EXERCISE BRIEF =>
Give again, word for word, each line below starting at the one that contains "Philly Cheese Steak" and ending at the one that contains "Ivory Blossom | 1 Set".

---------- DATA FOR ANALYSIS

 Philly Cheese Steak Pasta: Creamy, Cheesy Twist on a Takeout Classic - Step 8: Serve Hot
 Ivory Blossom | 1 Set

--------------------
---------- DATA FOR ANALYSIS

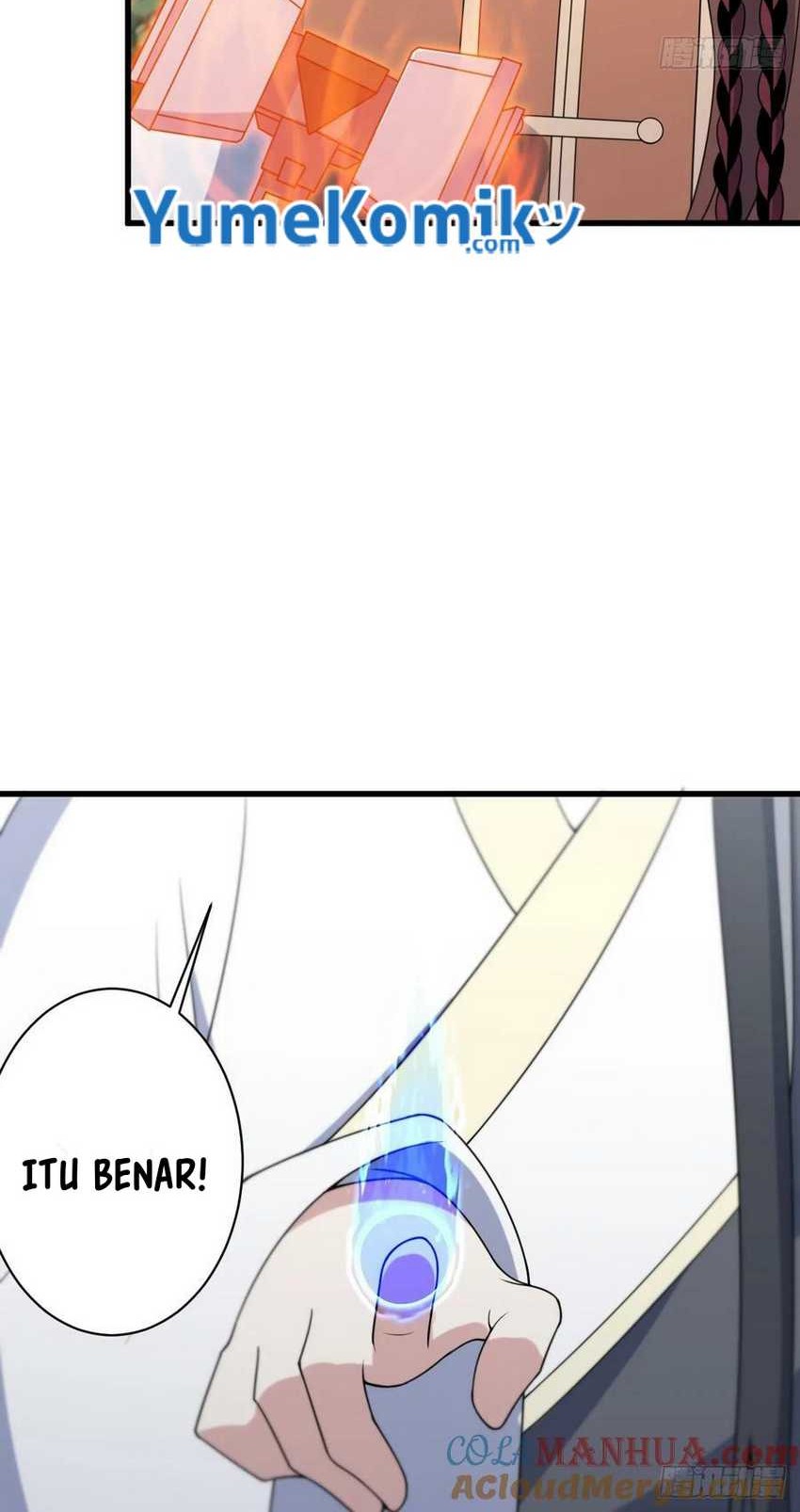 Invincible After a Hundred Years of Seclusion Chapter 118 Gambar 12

--------------------

ANSWER TO THIS PROBLEM =>
 Philly Cheese Steak Pasta: Creamy, Cheesy Twist on a Takeout Classic - Step 8: Serve Hot
 Ivory Blossom | 1 Set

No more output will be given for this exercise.